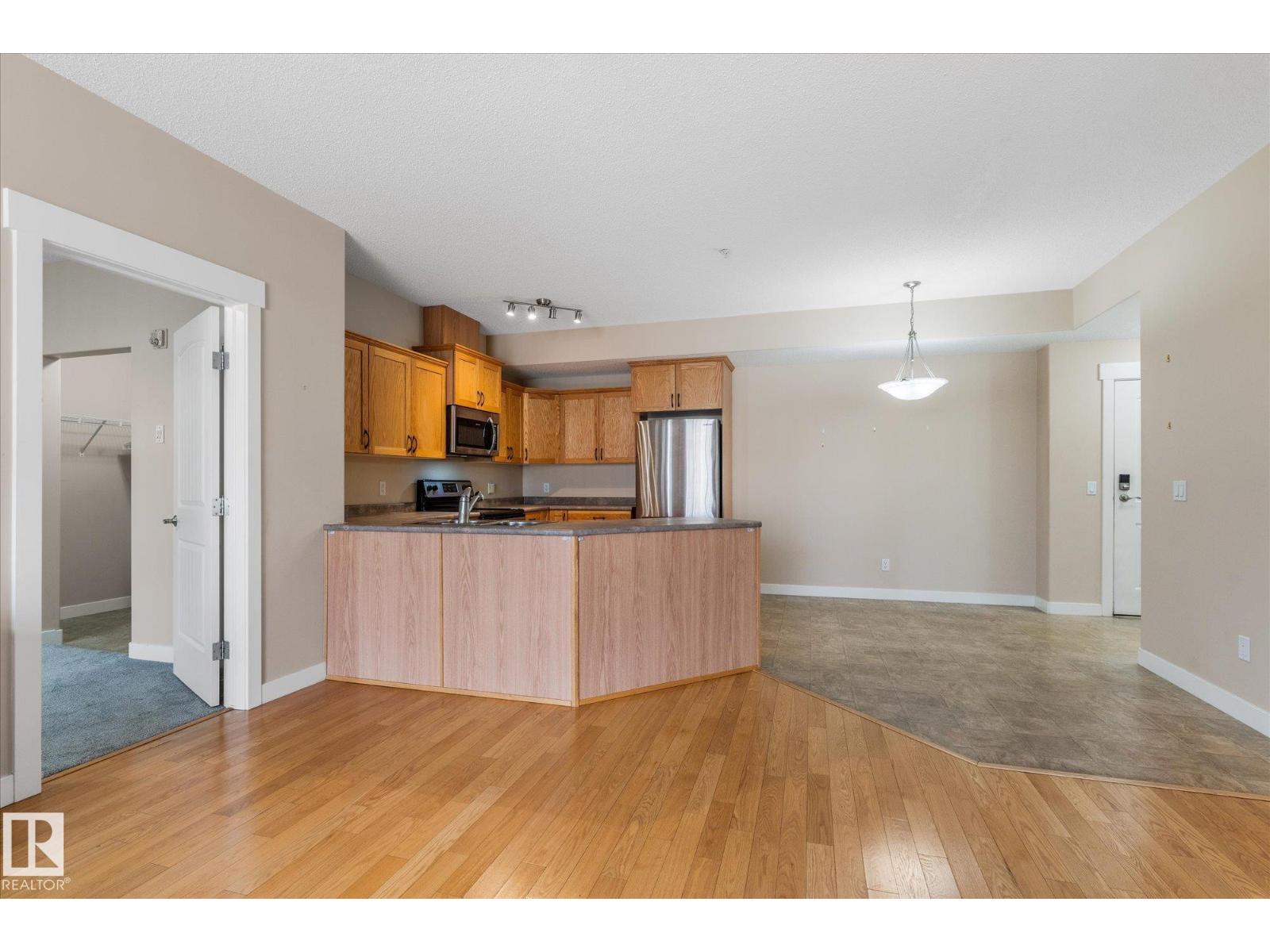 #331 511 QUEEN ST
--
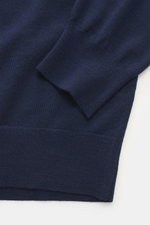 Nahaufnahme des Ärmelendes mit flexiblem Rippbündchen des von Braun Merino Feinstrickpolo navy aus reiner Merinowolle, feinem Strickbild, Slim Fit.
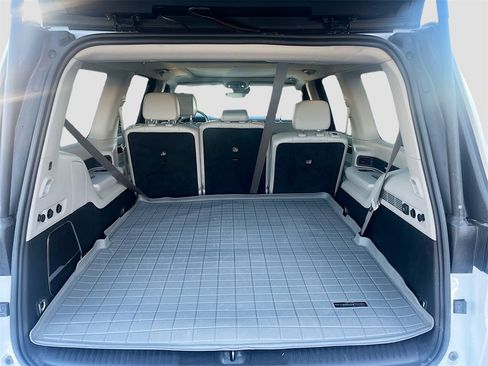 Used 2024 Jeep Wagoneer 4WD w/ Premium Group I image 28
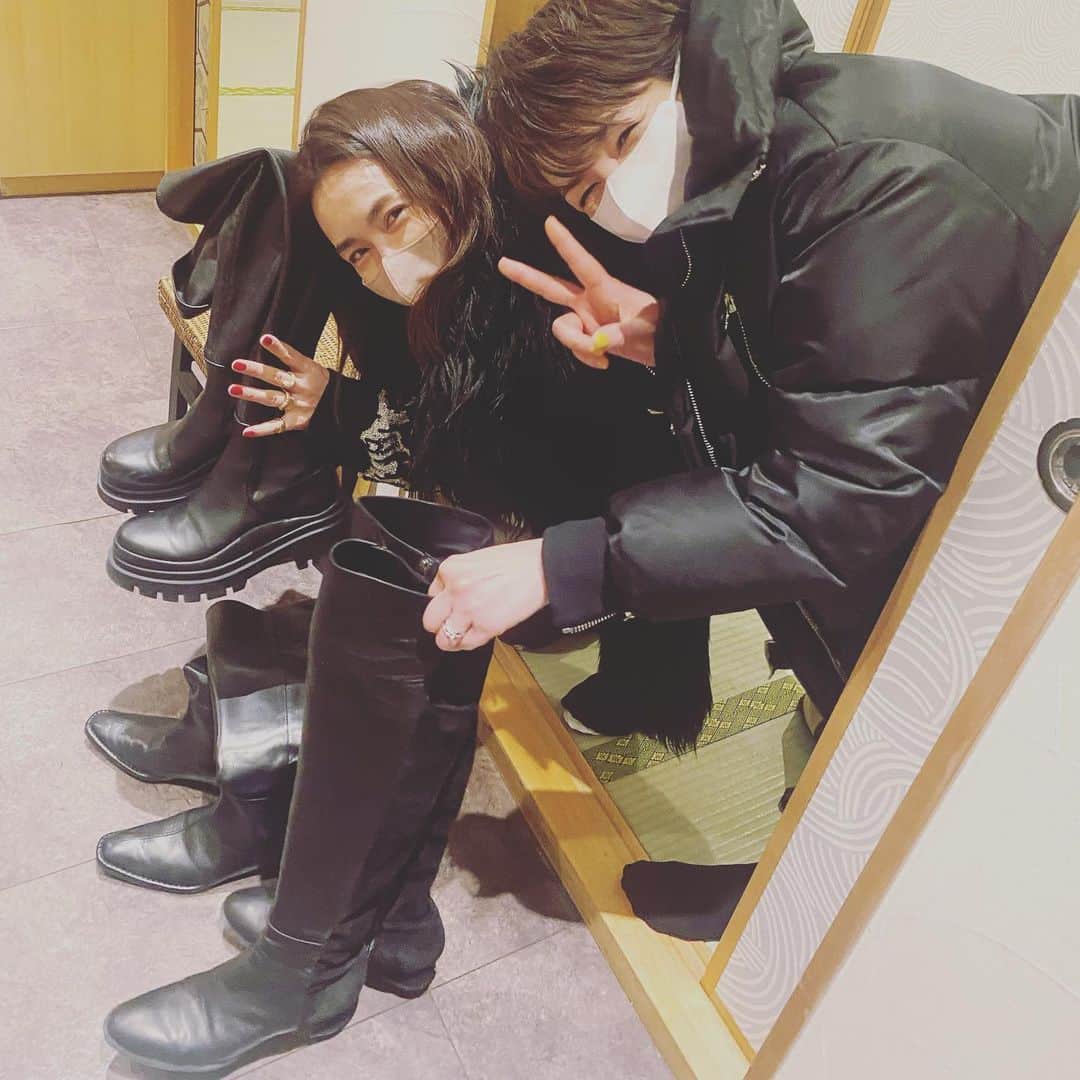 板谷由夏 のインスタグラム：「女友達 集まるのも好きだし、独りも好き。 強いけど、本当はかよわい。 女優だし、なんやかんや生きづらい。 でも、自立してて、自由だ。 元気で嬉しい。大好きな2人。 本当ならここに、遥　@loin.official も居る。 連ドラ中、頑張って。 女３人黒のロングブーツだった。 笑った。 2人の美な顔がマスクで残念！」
* * *
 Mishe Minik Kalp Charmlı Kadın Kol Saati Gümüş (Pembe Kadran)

*PROBLEM TO WORK ON:* In the listing above, find the line containing "Nahaufnahme des Ärmelendes" and the line containing "板谷由夏 のインスタグラム：「女友達 集まるのも好きだし、独りも好き。", then print exactly those two lines and every line between them, minus the pictures.

*RESULT OF THE TASK:*
 Nahaufnahme des Ärmelendes mit flexiblem Rippbündchen des von Braun Merino Feinstrickpolo navy aus reiner Merinowolle, feinem Strickbild, Slim Fit.
 Used 2024 Jeep Wagoneer 4WD w/ Premium Group I image 28
 板谷由夏 のインスタグラム：「女友達 集まるのも好きだし、独りも好き。 強いけど、本当はかよわい。 女優だし、なんやかんや生きづらい。 でも、自立してて、自由だ。 元気で嬉しい。大好きな2人。 本当ならここに、遥　@loin.official も居る。 連ドラ中、頑張って。 女３人黒のロングブーツだった。 笑った。 2人の美な顔がマスクで残念！」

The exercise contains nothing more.